University of Newcastle's Healthy Youngsters, Healthy Dads program uses science to improve lives
18 October 2020
Active play between dads and their children has profound physical and mental benefits, research shows.
More than 80 Hunter dads are seeking to tap into these benefits at the University of Newcastle's Healthy Youngsters, Healthy Dads program.
The eight-week program, funded by Greater Charitable Foundation, began on Saturday at Wallsend and New Lambton.
The evidence-based program involves rough and tumble play, fundamental movement skills [helping dads teach kids to throw, kick, catch and strike] and fun aerobic and muscular fitness.
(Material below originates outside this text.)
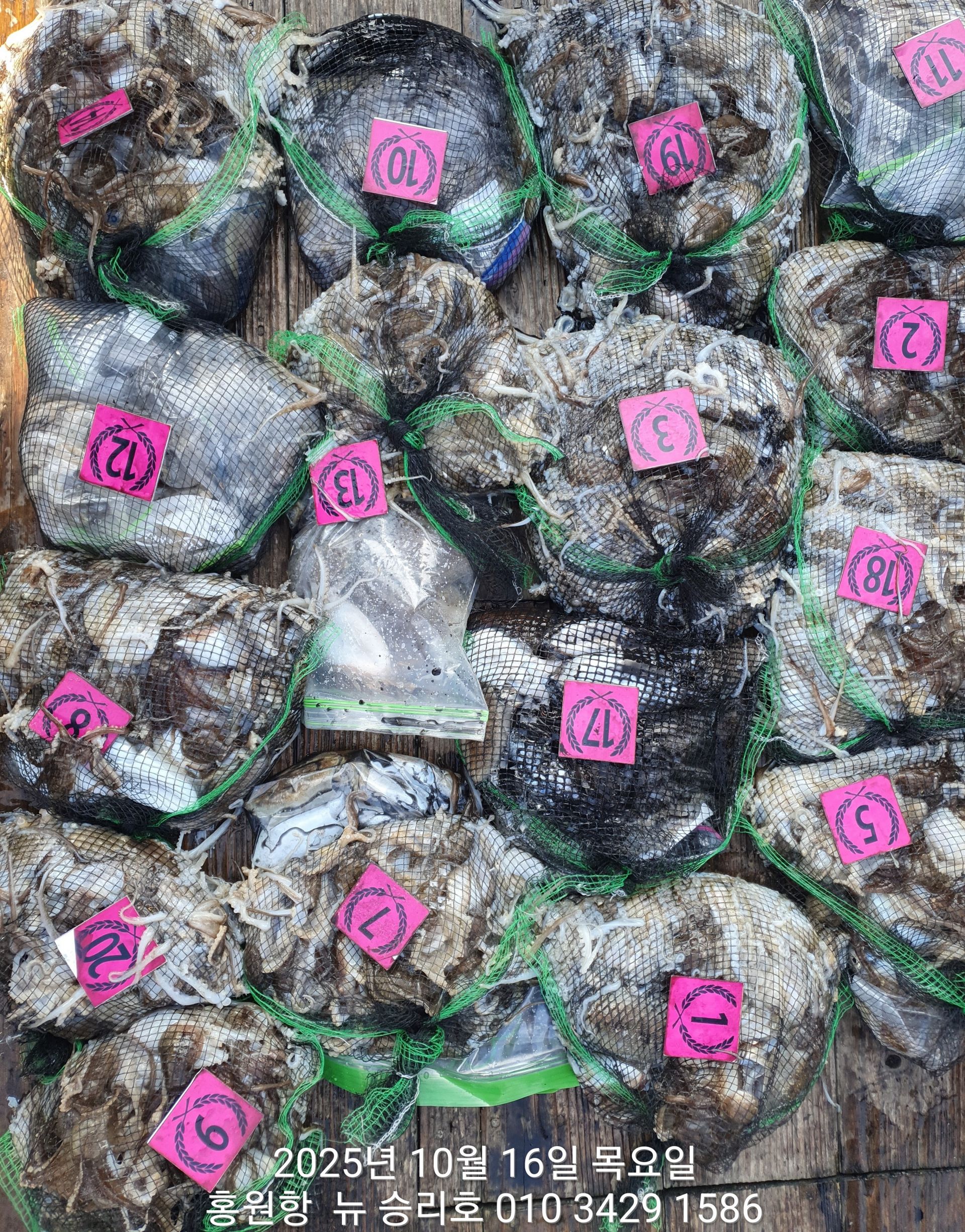 홍원항 ^^위풍당당^^ (뉴~승리호) 10월16일**갑오징어&쭈꾸미**  풍~성~한 망탱이 조황 입니다!!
Merewether's Brett Blacker and his four-year-old son Lachlan were among those participating in the program.
Mr Blacker said it was a good opportunity to spend quality time together, while learning sport and motor skills.
"It's instilling values around activity and sports in a fun way. He [Lachlan] loves to play games and do things together."
Mr Blacker said rough and tumble play helped him bond with his son.
"It's an opportunity for playfulness, connection and tumbling around," he said.
University of Newcastle Professor Phil Morgan said rough and tumble play had "a fascinating scientific basis".
"It's a form of high intensity exercise and leads to structural changes in the brain of the child. It's been demonstrated to improve their emotional regulation and social skills."
Studies had shown that animals deprived of rough and tumble play become more aggressive and less likely to be social and control their emotions.
"The quality rough and tumble play is where the evidence is. It's not just wrestling with your kids," he said.
"Many dads have to be taught to do it in a way where the child wins most of the time and works for the victory, as opposed to the dad winning all the time."